The various versions of Agile provide principles and practices that help delivery teams make better decisions and op
timise for change. Application of any one of these approaches in isolation results in failure – Agile without the supporting technical practices starts fast and gets slower and slower and continuous delivery without the appropriate organisation structures and tooling results in many sprint teams trying to get things done. When you abstract over all of these ideas, frameworks and maturity models, you find that the underlying theme is that we are trying to deal with change, and we are trying to do it in a way that is inexpensive, fast and results in sustainable outcomes for our business and our customers. We can’t apply just one approach, we have to be able to identify fragile systems, practice, culture as well as find ways to make them robust in the face of overwhelming change.
So, how does software defined infrastructure fit into this picture? What does it have to do with being robust? Quite simply, the more places within the system or delivery process that involves manual intervention, the more fragile things are. In order for engineers to implement continuous delivery, they have to automate the entire stack, and it all has to be in version control and codified in some way. Codification allows both humans and machines to interpret artefacts and this allows us to main artefacts simple to maintain over time (automated tests, analysis, etc.). Infrastructure such as networks, servers, storage are simply resources to be managed by automated processes, processes which can then be made robust in the face of change.
What about some of the tangible benefits we’ve seen? Well, let me be clear that we are still in an early stage of this journey, only two years now, but already we are seeing very tangible benefits. Firstly our operational expenditure has decreased quite significantly, not in an absolute sense (we are growing by more than 60% annually), but our unit costs have seen a marked decrease. Secondly, our developer experience has significantly improved from when we started the journey. This has many indirect benefits, the greatest of which is attracting and retaining the right talent within our business. Finally, we have experienced great reductions in operational complexity which has been vital given the rate that we add new functionality onto our platforms.

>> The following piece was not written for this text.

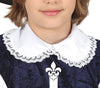 GP77837 – Musketier Abenteuer Kinderkostüm Fasching – Größe: 98/104 – Farbe: Schwarz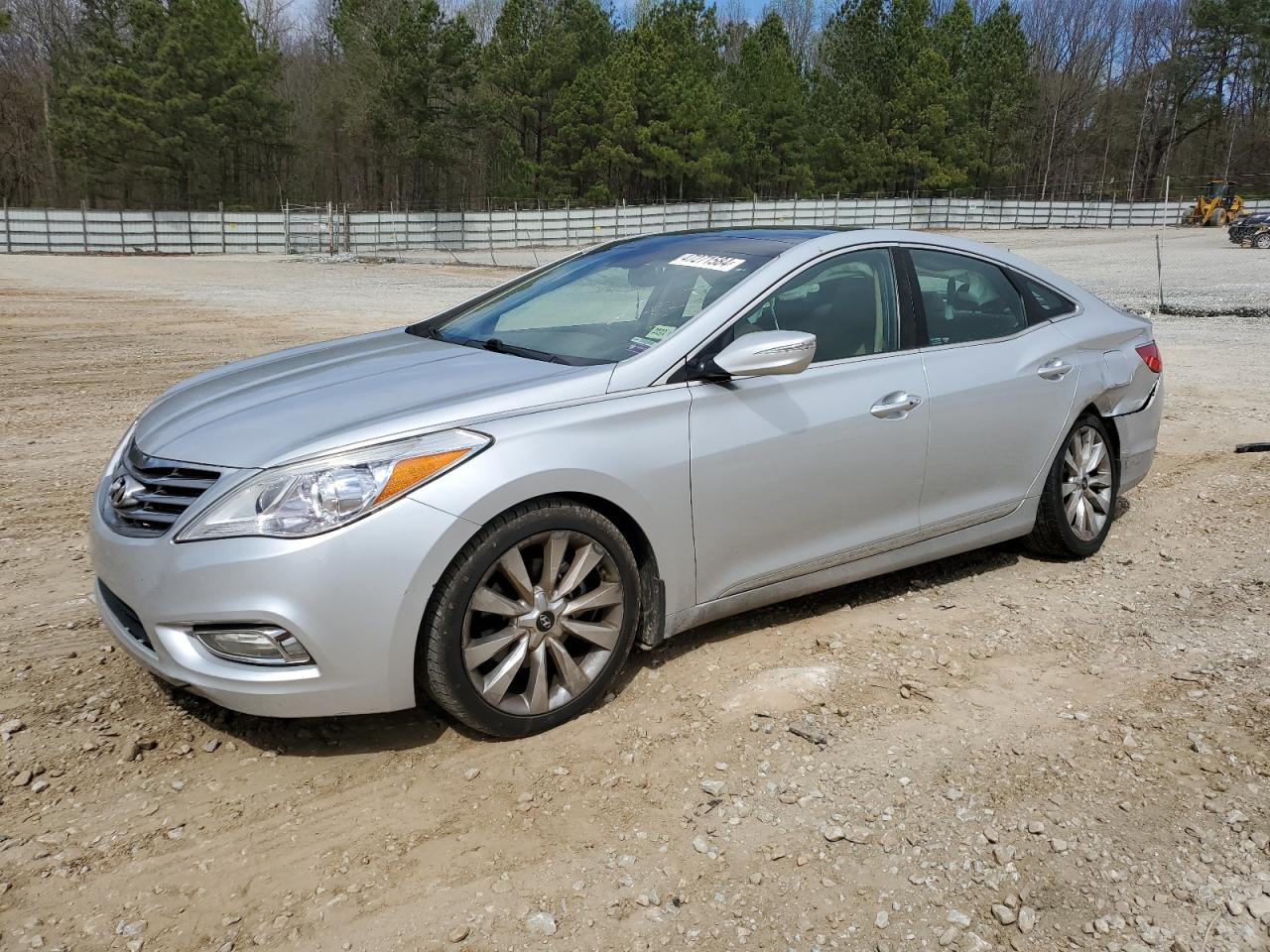 HYUNDAI AZERA 2013 kmhfh4jg9da273567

The greatest benefits however have yet to be proven, but we continue to focus on our numbers. We expect further reductions in per unit costs, and even better developer experiences, but most importantly we expect our cost of changing our systems to greatly reduce over time and we also expect to see the rate at which we deliver change to significantly increase and importantly, keep accelerating. This will enable us to support our business to experiment, learn and ship those learnings rapidly while maintaining the world class availability and security that is expected of a bank.